Disadvantages of angle brackets?

Subject: Disadvantages of angle brackets?
From: Geoff Hart <ghart -at- videotron -dot- ca>
To: "TECHWR-L" <techwr-l -at- lists -dot- techwr-l -dot- com>
Date: Sat, 02 Jul 2005 09:24:22 -0400

Tom Johnson wondered: <<I am wondering which style is more advantageous: Choose Format > Background > More Colors. OR On the Format menu, point to Background and click More Colors.>>

Angle brackets are inherently unintuitive, and replacing them with actual arrow characters is no more obvious: With angle brackets, the reader requires two leaps of logic (angle to arrow, arrow to menu opening) to associate this style with the use of menus.

Even with the arrow, it's a fairly large single leap of logic for a naive user (of whom there are many) to associate something pointing to the right (or presumably to the left, when you localize this into a right-to-left language) with the act of opening a menu and selecting something from it, particularly when there's no cascading menu with a little arrow to make the connection clearer. Even then, wouldn't the logical choice be a downward-pointing arrow for the first step, since menus open downwards, followed by a right-pointing arrow for cascading menus and an "Enter" key or mouse button for selecting the highlighted menu choice?

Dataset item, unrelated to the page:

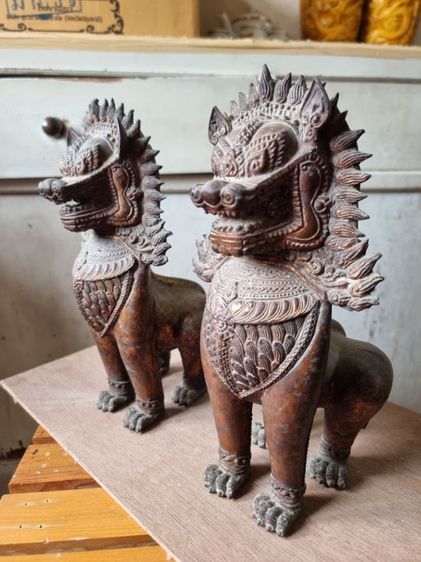คู่สิงห์ปราสาท หล่อสำริด ลายแน่น ผิวเก่าสวยเข้ม เสริมฮวงจุ้ย รูปที่ 2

Granted, this approach is familiar to _us_ and to most power users and computer geeks. If that's your audience, then there are clear advantages to this format: it's concise, it communicates efficiently, and it stands out on the page (the > form a clear visual pattern), facilitating scanning. Like any learned convention, it is a skill readers can rely upon--and thus, we can use it, confident in the knowledge that our readers will understand. The problem comes when the convention has not yet been learned.

<<Some Adobe products use the angle brackets, while Microsoft avoids them.>>

Different audiences. Most Adobe software is destined for experienced computer users who are often power users compared with a typical computer user, so it's safe to assume these readers will be familiar with the style convention, or at least willing to learn it. Microsoft, on the other hand, targets a general audience with a wide range of competencies (heavily weighted towards the low end of the competence scale in many cases), and thus chooses a lowest-common-denominator approach that will work well for everyone, even if it may not be the most efficient approach for the experts in the audience.

The conservative approach is to write out everything, as you have done in your second option. It pays to remember that while this may hypothetically take your power user a bit longer to read (2-3 seconds per procedure?) compared with using arrows, these people are consulting the documentation rarely, when they need to learn something new or recall something they've forgotten. In that case, the performance penalty is acceptable because it's so infrequent; furthermore, they're prepared to spend a few seconds because they know they're learning something for the first time.

In contrast, the general or neophyte user who will be consulting the documentation frequently suffers from a significant penalty if you use the arrows: if they fail to understand this convention, they fail to understand your instructions, and probably won't come back to your documentation again. For them, imposing a penalty of a few seconds is a non-issue: whether or not they're in a hurry, the more relaxed pace of this form of instruction helps them slow down, take a deep breath, and overcome the anxiety that so often prevents learning. I offer no statistical proof that this happens, but I have seen it enough times to suspect the phenomenon is real.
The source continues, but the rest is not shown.